Local Anesthetic Considerations When Treating Patients with Oral Infections

Products of inflammation lower the surrounding tissue pH (e.g., purulent exudates have a pH of 5.5-5.6). At this more acidic pH, the numbers of base molecules necessary for passage of the anesthetic into the nerve membrane may be significantly reduced. Inflammatory exudates may also enhance nerve conduction action potentials, making blockage of sensory nerve impulses more difficult. In addition, blood vessels in the area of inflammation may be dilated, leading to a more rapid uptake of the anesthetic agent from the area of injection. These changes can lead to delays in onsets of anesthesia, inadequate depths of anesthesia, and the potential for local anesthetic blood levels to be elevated. 
Needle tract infection is a potential complication of injection into infected tissues. Although penetration into infected tissues can be avoided by using more distant regional nerve blocks, whenever there is a possibility of a needle having passed through infected tissues, it should be discarded immediately after use to prevent inadvertent reuse.
Severe trismus is sometimes seen in inflammation and infection. Trismus has been mentioned previously as a painful condition that impairs the extension of the muscles of mastication leading to decreased ability to fully open the mouth. Limitation in opening can follow trauma, local anesthetic injections, and temporomandibular joint problems and ankylosis.
Limited opening can pose anatomical difficulties with standard conventional inferior alveolar (IA) nerve block techniques and especially with the Gow-Gates approach, which requires patients to open fully. In situations of severe trismus, an extraoral nerve block or an intraoral high nerve block technique (Vazirani-Akinosi) where the mouth remains closed during its administration is recommended.
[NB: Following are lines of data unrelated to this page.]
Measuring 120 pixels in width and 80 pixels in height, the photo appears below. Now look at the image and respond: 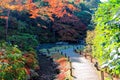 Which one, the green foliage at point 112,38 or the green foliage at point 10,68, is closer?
the green foliage at point 112,38

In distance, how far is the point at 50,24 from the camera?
51.8 metres

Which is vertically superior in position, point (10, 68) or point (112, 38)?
point (112, 38)

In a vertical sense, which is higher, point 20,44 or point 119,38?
point 119,38

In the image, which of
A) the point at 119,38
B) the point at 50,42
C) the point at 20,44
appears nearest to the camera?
the point at 119,38

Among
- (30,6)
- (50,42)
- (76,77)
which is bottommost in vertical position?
(50,42)

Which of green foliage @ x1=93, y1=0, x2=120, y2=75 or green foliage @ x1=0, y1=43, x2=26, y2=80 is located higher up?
green foliage @ x1=93, y1=0, x2=120, y2=75

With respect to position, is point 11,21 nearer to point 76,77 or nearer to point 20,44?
point 20,44

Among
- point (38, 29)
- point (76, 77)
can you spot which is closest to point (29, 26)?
point (38, 29)

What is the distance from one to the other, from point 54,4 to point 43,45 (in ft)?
52.7

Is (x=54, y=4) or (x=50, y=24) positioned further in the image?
(x=50, y=24)

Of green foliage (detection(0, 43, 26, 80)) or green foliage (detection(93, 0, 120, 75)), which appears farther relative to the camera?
green foliage (detection(0, 43, 26, 80))

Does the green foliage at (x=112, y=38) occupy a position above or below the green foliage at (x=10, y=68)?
above

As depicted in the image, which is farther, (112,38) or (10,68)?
(10,68)

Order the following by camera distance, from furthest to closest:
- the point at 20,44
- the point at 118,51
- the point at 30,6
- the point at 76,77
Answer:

Another serious concern with more severe progressive infections, such as Ludwig's angina, is the potential for airway compromise. Management and control of the airway is the first priority in these situations. These patients are typically treated with a general anesthetic in a hospital setting. Before induction of general anesthesia, airway management is initiated with conscious fiberoptic intubation or a possible surgical airway. In this setting, supplemental local anesthesia is administered once the airway is secure.
The effectiveness of local anesthesia in the presence of infection is frequently compromised by changes in tissue pH. The following suggestions may increase successful anesthesia outcomes:
• Allow additional time for the local anesthetic to take effect.
• Use a greater amount of local anesthetic to help overcome acidity created by the infection. (Make sure that maximum doses are not exceeded.)
• Use a regional nerve block away from the area of inflammation.
• Discard the needle after penetrating in or near an area of inflammation/infection.
• Consider potential secondary innervations to the area (e.g., mylohyoid nerve in the mandible).
• Use a local anesthetic agent with a higher pH.
• Alkalinize the local anesthetic by adding sodium bicarbonate immediately before the injection.*
• Use intravenous sedation or general anesthesia.
• If the infection is minor, consider antibiotics and rescheduling.

*Sodium bicarbonate decreases the acidity of the anesthetic solution and the tissues into which it is injected, providing significantly greater numbers of initial base molecules than were provided in the manufactured solution. Alkalinizing (buffering) local anesthetics with sodium bicarbonate has been difficult and inconvenient when only sterile, sealed cartridges are available.